Tuesday, May 31, 2016

"I'm just checking in on you"

Why can't I just say thinfs like I'm glad you called? 

Can't sleep

Bahhhhhhhh I miss having sex with him. 

Monday, May 30, 2016

Least

I was sober today. 

Stop.

Just stop. Feelings. Just cause you're still in contact doesn't mean any future hope exists. 

Fuck. I'm out of sleep meds, so what music will distract and relax me enough to fall asleep? 

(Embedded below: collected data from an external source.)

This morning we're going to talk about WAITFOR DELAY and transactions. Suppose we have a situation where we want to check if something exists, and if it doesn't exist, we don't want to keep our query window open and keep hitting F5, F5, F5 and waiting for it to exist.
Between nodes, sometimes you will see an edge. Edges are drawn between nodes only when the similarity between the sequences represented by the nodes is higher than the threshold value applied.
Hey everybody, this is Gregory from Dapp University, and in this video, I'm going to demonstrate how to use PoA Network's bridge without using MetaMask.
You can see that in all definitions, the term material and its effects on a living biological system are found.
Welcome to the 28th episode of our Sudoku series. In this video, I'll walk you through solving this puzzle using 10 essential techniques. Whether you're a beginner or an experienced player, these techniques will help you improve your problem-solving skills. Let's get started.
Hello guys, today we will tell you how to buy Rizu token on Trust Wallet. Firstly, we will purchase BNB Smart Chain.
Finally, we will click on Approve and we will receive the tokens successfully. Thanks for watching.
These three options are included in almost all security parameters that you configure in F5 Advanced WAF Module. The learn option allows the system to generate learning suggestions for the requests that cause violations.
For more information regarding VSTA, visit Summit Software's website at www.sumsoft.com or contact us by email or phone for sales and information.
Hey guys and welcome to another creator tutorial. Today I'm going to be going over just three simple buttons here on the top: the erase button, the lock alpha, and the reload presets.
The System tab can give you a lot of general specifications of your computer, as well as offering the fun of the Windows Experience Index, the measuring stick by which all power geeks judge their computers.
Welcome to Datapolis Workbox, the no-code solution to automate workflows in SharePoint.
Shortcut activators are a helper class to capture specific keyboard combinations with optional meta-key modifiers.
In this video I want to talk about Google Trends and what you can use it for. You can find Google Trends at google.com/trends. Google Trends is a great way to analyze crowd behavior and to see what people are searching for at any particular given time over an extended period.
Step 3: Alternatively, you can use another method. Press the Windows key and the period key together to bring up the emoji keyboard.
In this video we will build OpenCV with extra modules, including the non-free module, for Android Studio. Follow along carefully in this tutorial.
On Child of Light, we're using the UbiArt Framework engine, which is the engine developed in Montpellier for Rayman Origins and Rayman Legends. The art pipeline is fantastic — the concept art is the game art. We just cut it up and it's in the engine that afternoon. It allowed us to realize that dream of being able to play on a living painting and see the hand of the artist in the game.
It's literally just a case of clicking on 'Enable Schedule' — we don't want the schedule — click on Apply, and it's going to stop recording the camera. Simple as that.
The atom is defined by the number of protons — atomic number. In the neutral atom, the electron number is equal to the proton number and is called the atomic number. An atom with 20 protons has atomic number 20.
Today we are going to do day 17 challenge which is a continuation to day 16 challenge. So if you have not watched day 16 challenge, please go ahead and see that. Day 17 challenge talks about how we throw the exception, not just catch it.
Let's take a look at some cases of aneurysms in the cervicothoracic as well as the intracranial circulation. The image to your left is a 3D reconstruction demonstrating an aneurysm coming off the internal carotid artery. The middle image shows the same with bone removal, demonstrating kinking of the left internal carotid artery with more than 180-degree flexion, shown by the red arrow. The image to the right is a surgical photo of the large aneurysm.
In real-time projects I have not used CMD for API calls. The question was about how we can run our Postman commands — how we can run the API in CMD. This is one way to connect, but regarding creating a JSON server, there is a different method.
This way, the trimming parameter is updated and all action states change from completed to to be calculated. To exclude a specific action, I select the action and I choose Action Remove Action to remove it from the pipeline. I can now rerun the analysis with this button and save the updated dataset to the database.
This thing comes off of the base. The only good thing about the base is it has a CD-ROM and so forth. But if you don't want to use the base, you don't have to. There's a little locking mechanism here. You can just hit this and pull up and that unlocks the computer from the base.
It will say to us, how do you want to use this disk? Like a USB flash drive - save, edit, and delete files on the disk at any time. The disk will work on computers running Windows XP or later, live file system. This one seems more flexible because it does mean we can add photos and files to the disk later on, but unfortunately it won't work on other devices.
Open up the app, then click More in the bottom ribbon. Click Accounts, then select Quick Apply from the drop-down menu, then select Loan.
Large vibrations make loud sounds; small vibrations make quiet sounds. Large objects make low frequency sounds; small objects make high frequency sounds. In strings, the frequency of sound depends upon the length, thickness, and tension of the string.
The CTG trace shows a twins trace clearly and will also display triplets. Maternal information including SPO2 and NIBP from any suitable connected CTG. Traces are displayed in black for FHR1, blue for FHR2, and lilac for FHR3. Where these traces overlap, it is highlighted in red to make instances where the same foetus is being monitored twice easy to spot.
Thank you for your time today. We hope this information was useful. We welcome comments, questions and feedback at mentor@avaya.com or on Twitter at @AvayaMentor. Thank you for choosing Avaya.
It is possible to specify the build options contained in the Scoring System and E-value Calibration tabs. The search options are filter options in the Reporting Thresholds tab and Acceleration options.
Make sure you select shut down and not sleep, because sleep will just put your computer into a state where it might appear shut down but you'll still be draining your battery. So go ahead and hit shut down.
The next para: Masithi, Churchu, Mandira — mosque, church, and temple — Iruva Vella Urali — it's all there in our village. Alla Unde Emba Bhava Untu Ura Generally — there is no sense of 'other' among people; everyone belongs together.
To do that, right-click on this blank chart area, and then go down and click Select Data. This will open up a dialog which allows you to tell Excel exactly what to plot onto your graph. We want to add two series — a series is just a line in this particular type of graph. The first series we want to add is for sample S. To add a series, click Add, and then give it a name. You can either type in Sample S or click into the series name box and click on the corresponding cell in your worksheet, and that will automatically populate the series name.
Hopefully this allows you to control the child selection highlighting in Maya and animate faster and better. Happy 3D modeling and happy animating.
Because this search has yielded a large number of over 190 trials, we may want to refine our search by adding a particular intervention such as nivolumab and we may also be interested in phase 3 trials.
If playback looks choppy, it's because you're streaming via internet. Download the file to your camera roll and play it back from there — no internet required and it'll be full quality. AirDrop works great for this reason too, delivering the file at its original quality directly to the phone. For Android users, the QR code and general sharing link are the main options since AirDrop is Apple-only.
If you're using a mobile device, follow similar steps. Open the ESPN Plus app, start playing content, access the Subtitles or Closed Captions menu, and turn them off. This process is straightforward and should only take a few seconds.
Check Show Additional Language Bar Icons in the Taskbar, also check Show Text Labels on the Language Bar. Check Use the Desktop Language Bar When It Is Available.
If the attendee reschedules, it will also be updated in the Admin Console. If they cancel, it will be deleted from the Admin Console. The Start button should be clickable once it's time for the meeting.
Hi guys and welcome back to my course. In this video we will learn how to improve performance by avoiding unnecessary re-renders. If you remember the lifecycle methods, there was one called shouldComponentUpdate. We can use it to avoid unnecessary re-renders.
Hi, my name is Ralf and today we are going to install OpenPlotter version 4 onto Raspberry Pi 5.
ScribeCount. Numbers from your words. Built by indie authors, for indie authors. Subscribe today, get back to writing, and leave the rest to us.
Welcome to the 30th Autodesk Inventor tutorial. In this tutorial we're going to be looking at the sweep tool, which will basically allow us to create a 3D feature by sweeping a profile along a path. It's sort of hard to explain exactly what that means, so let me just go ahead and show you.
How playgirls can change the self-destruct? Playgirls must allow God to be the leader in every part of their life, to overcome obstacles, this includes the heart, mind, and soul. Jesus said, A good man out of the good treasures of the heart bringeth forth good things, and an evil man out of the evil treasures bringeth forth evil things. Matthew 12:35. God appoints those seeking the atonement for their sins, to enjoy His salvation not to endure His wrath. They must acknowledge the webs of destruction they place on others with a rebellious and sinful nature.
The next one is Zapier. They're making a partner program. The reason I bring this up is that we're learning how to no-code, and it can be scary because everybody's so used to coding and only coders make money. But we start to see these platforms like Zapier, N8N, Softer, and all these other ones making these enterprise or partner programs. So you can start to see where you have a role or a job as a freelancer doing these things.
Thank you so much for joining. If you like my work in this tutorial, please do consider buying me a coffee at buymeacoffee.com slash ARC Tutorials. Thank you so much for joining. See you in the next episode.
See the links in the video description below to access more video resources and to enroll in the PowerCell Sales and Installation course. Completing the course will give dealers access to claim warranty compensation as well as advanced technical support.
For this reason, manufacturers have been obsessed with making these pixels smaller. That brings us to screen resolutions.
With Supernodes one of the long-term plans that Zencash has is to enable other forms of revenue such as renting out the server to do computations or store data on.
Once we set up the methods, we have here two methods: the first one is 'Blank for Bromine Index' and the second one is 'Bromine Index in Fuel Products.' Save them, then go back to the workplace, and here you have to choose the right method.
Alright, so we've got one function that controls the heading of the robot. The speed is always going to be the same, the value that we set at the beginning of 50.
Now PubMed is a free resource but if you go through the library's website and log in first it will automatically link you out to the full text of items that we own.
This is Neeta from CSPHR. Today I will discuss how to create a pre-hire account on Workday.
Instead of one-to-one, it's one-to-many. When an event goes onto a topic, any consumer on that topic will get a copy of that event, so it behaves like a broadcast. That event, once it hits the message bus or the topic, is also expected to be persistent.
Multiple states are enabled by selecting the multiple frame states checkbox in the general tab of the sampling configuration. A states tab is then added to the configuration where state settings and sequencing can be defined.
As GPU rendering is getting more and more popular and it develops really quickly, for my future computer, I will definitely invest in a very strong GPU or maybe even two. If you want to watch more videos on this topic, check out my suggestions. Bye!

Choices. And in-doing the choices. Second-guessing. This daft punk album reminds me of price changes. That's not helping. Oh, for those excuses: the graveyards that'd wreck my brain and heart. The psychosis. The 6am shifts where I couldn't think because it was too early and I was too busy anyway. 

Read 76 pages of The Gum Thief. 

My concern

With being friends is what if I'm not able to stop having feelings for him? 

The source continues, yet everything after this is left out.